The code for XINU is stored in a Subversion code repository.

In order to access the code you need to have your ssh public key registered with the 'svn' user. Please email or link to your public key to be added. If you do not yet have an ssh keypair, here is a document that explains the why and the how pretty well:

http://kb.iu.edu/data/aews.html

Once your key has been registered, you can do a test checkout with the following command:

svn co svn+ssh://svn@mulug.mscs.mu.edu/xinu-mips/trunk xinu

You can also switch an existing working copy with the following from your working copy's directory:

FROM=`svn info | grep ^URL | awk '{ print $2 }'`
svn switch --relocate $FROM svn+ssh://svn@mulug.mscs.mu.edu/xinu-mips/trunk
unset FROM

You will be asked for the passphrase that you specified for your private key every time you perform a svn command that needs the server. This is because svn is not locally caching your password in plaintext as it was before (no plaintext cache = better). I highly recommend using a memory-caching tool like ssh-agent to prevent having to repeatedly enter your passphrase.

Trac

Trac has several nice ways of visualizing activity in the Subversion repository, including a source code browser and a timeline. It also has a wiki, which I assume we'll mostly skip, and at it's center is an issue tracking system, which I suggest we consider as a way to consolidate our various and sundry todo lists.

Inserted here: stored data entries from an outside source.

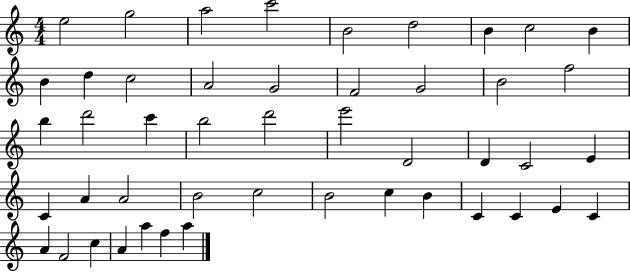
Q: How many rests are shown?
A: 0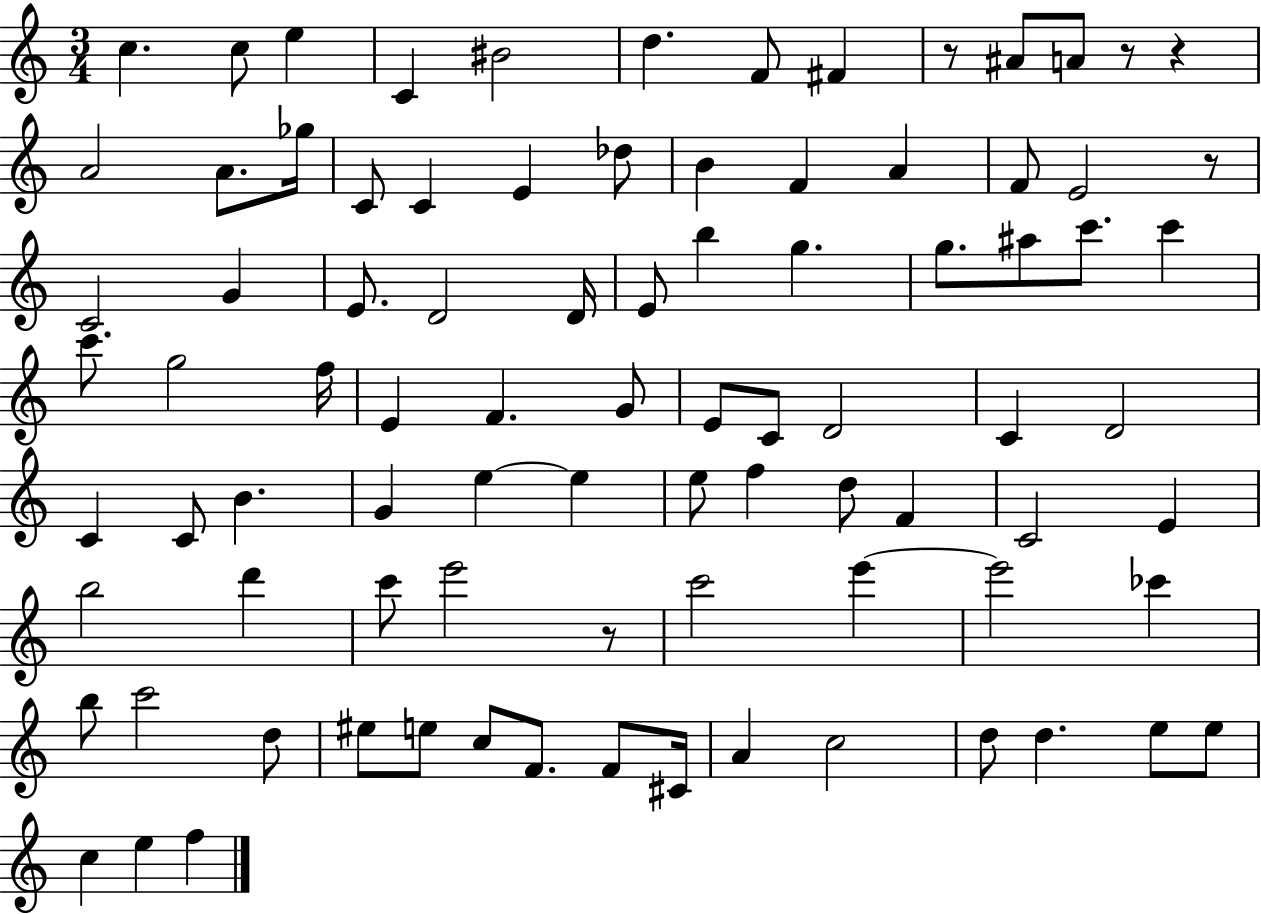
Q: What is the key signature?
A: C major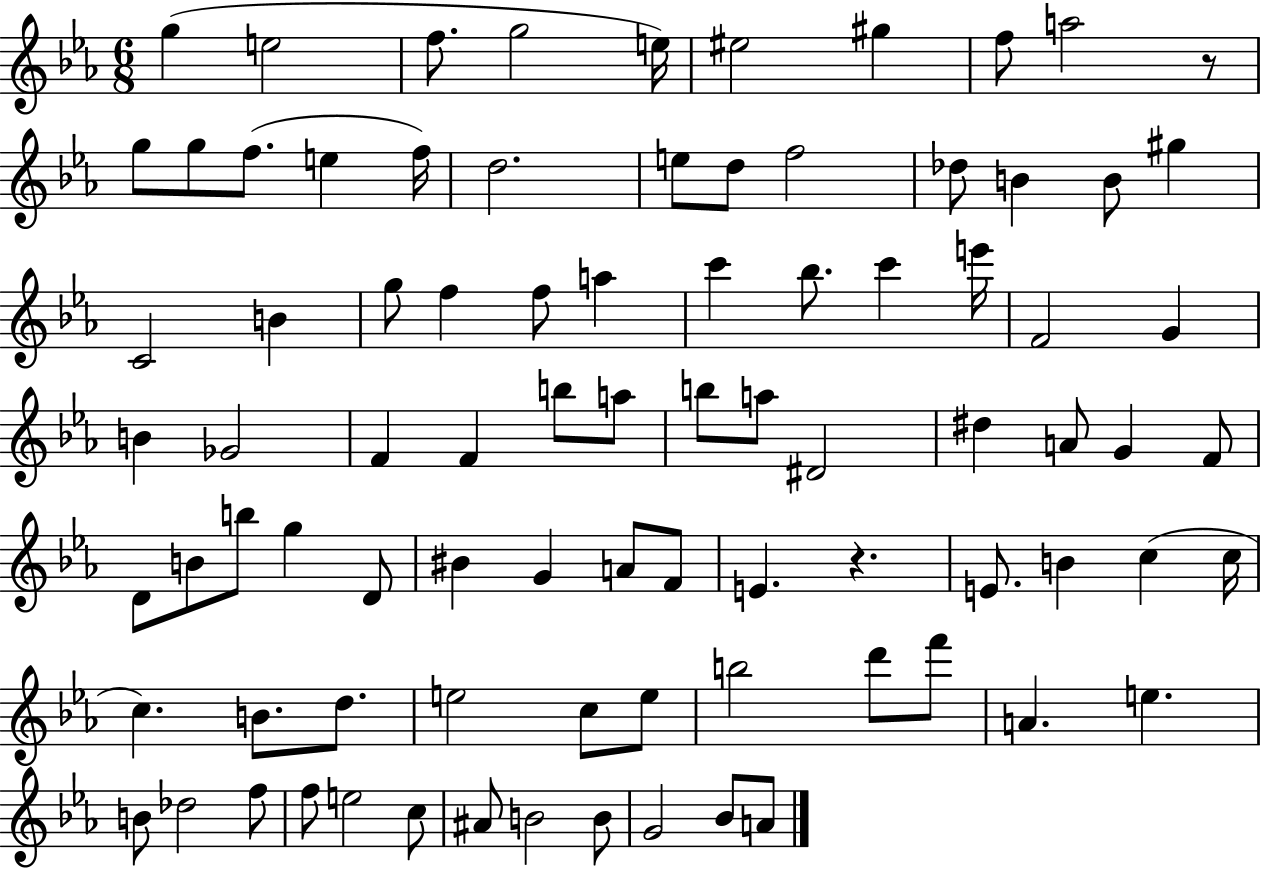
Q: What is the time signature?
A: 6/8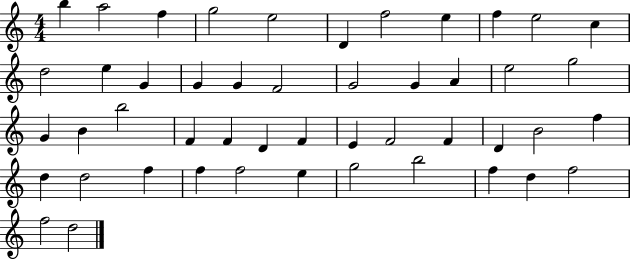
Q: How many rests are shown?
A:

http://xinu.mscs.mu.edu/trac/

As for user accounts on this guy, I have it set up to do mod_auth_digest right now, which means if you run the following command and email me the password file I can add you to the list of users:

htdigest -c <mypassfile> "Embedded XINU Trac Login" <username>

Then you go to /trac/login which will authenticate you, after which the site will recognize you as a logged-in user. Then you can edit wiki pages and create tickets and such.